Milano - Dal 24 maggio – come previsto dal decreto dell'eseutivo targato Mario Draghi – scatterà l'attesa riapertura delle palestre mentre bisognerà attendere il primo luglio per il via libera alle piscine. Riaperture molto attese dal settore. Ma le date del calendario hanno un retrogusto agrodolce. "Da una parte siamo certamente soddisfatti ma dall'altra siamo delusi. E' un governo a due velocità" ha detto oggi Marco Contardi, presidente di Arisa, l'associazione delle imprese dello sport di Confcommercio Milano. "Abbiamo accolto con piacere l'anticipo dell'apertura al 24 maggio – ha spiegato Contardi- ma proviamo rabbia per il fatto che le piscine coperte siano chiuse fino al primo luglio. Ciò significa mettere tutti gli operatori delle piscine al coperto in ginocchio, perché significa fargli perdere tutto il mese di giugno ed è intollerabile".

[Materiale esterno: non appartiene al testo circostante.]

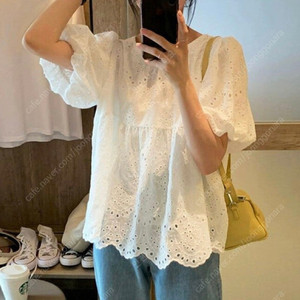 흰색펀칭반팔 프리사이즈 8천원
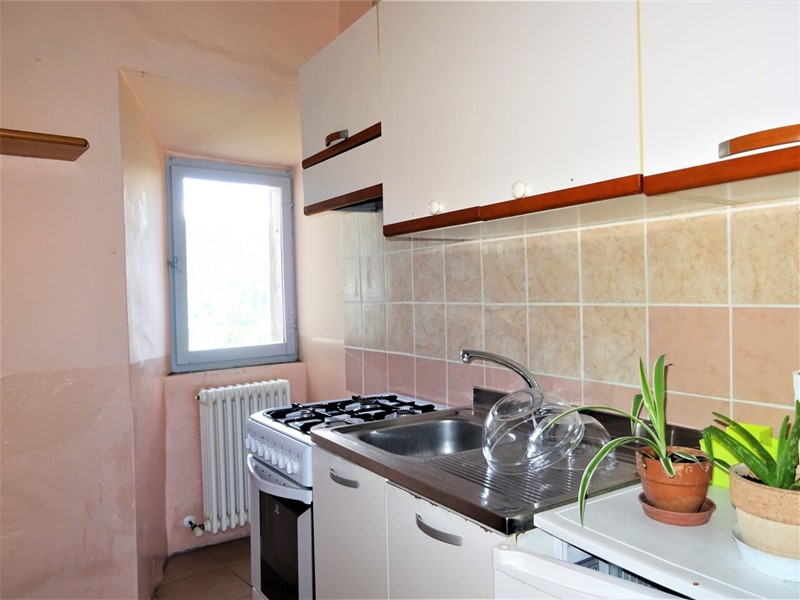 Trilocale in Vendita a Arcevia, 65'000&euro;, 85 m², arredato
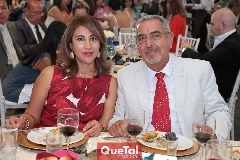  Arlette Picazzo y Jaime Solís.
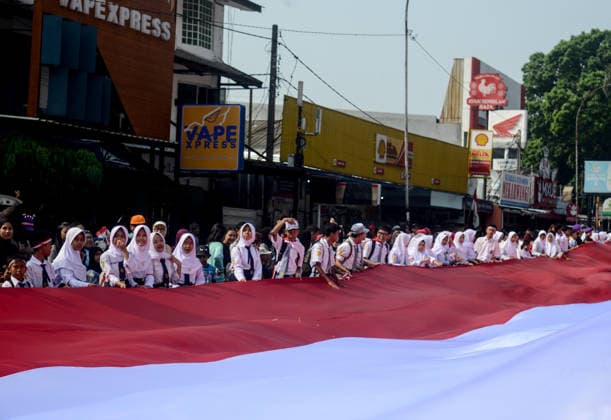 August 9, 2026, Bogor, West Java, Indonesia: Students take part in carrying a 500-metre-long national flag as they marched through the streets of Bogor, West Java, during the ˜Merah Putih™ Festival parade ahead of Indonesia™s 81st Independence Day celebrations. Bogor Indonesia - ZUMAa216 20260809_zip_a216_008 Copyright: xAdrianaxAdiex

In questo momento, spiega Contardi, "il settore sta subendo le difficoltà più grosse e aprire il primo luglio è voler accanirsi su un comparto che lo non merita". La precisazione: "Tutti hanno detto che il virus all'interno della piscina non esiste, il problema degli spogliatoi è lo stesso delle piscine scoperte, non c'è una logica in queste decisioni del governo". Nonostante l'entusiasmo per la ripartenza, per la Lombardia ha ancora un boccone amaro da digerire, visto che – stando ai primi dati forniti - l'11% delle palestre lombarde non riaprirà più. "Il dato ufficiale lo avremo a settembre ma i numeri sono confermati – ha aggiunto Contardi -. Io sono fiducioso che a settembre ci sarà vera ripartenza del settore, spero ci sarà l'immunità di gregge che ci permetterebbe di riaprire in sicurezza, fermo restando tutti gli obblighi messi in atto nelle strutture, che verranno mantenuti". La speranza è che si possa tornare a una normalità il prima possibile. "Ora bisognerà capire se utenti avranno la voglia di tornare a frequentare palestre e piscine come prima del Covid – ha osservato Contardi -. Ricordo che siamo fermi dal 26 ottobre, sono passati 7 mesi e alcuni hanno davanti ancora altri mesi di ulteriore chiusura".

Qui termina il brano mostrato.